In 2012, India amended the Income Tax Act retroactively to overturn the Supreme Court’s decision favouring Vodafone in a tax battle with the government. The 2012 amendment spooked foreign investors. It amended Section 9(1)(i) of the Income Tax Act, retroactively making it applicable to “indirect transfers”, ie. to the transfer by a non-resident of a share in a company incorporated abroad, if the share derived, directly or indirectly, its value substantially from assets located in India. One such “indirect transfer” was the 2006 internal corporate restructuring carried out by Cairn Energy. Armed with the 2012 amendment, the Indian government in 2015 imposed on Cairn a draft tax assessment of ₹10,247 crores for the corporate restructuring that took place in 2006.
Consequently, Cairn sued India before an investor-State dispute settlement (ISDS) tribunal alleging that imposition of taxes retroactively violates the India-United Kingdom bilateral investment treaty (BIT). The ISDS tribunal, in late December, ruled in favour of Cairn, holding India guilty of violating the fair and equitable treatment (FET) obligation of the India-UK BIT. The tribunal dismissed India’s argument that the 2012 amendment clarified the intent of Parliament regarding “indirect transfers” and that it was not retroactive.
The tribunal held that the 2012 amendment substantively changed the scope or operation of Section 9(1)(i) of the Income Tax Act. The tribunal also ruled that whether the 2012 amendment was constitutional or not has no bearing on India violating its treaty obligations because India’s liability has to be ascertained under international law. This is important because it ruptures the myth perpetuated by the defenders of the retroactive amendment that a law passed by Parliament that has not been declared unconstitutional does not violate India’s BIT obligations. The sovereign right to tax should be exercised in a manner consistent with international law.
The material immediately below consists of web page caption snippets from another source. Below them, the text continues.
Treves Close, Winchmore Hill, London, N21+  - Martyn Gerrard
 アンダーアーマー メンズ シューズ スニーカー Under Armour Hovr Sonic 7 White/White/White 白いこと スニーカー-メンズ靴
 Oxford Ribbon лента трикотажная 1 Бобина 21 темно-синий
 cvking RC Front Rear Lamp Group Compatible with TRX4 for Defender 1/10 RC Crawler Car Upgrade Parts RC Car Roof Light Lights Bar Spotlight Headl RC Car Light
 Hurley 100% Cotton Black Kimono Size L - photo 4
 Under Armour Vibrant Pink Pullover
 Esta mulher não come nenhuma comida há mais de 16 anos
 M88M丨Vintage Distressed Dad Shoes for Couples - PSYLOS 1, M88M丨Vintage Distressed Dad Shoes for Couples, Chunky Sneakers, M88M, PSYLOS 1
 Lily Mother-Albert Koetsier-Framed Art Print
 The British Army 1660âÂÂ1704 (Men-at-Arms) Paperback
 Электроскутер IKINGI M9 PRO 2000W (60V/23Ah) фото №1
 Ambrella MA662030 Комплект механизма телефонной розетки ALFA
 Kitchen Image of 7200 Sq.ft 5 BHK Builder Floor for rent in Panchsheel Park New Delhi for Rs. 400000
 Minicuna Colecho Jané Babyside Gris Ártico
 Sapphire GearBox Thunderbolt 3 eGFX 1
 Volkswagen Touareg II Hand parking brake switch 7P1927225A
The tribunal reasoned that India’s decision to retroactively apply the law, without a specific justification, created a new tax burden on a transaction that was not taxable at the time it was carried out, ie. in 2006. India robbed Cairn of its ability to plan its activities keeping in mind the legal consequences of its conduct. It disproportionately undermined the principle of legal certainty, which is one of the core elements of the FET standard specifically and of the rule of law generally. Hence, the tribunal ordered India to return over $1.2 billion to Cairn Energy Plc. This is the second instance of an ISDS tribunal admonishing India’s 2012 retroactive amendment of the Income Tax Act. A few months ago, another ISDS tribunal in Vodafone International Holdings v India found India guilty of breaching the India-Netherlands BIT for imposing taxes on Vodafone retroactively.
The 2012 amendment was a momentous error committed by the United Progressive Alliance (UPA) government. The National Democratic Alliance (NDA) government, on assuming office in 2014, had a great opportunity to correct this blunder by amending the law and making it prospective in application. This was expected because the Bharatiya Janata Party’s manifesto, cited by the Cairn tribunal, correctly criticised the UPA government for unleashing tax terrorism and uncertainty that deleteriously impacted the investment climate. However, the NDA government, instead of amending the law, relentlessly pursued the tax claims against Vodafone and Cairn Energy.
India has already challenged the Vodafone award. Presumably, it will do the same with the Cairn Energy award. In endeavouring to extract revenue through retroactive taxation that damages investor sentiment in the long run, India is being penny-wise and pound-foolish. The government should remember that promoting rule of law and safeguarding legal certainty are important drivers of foreign investment inflows.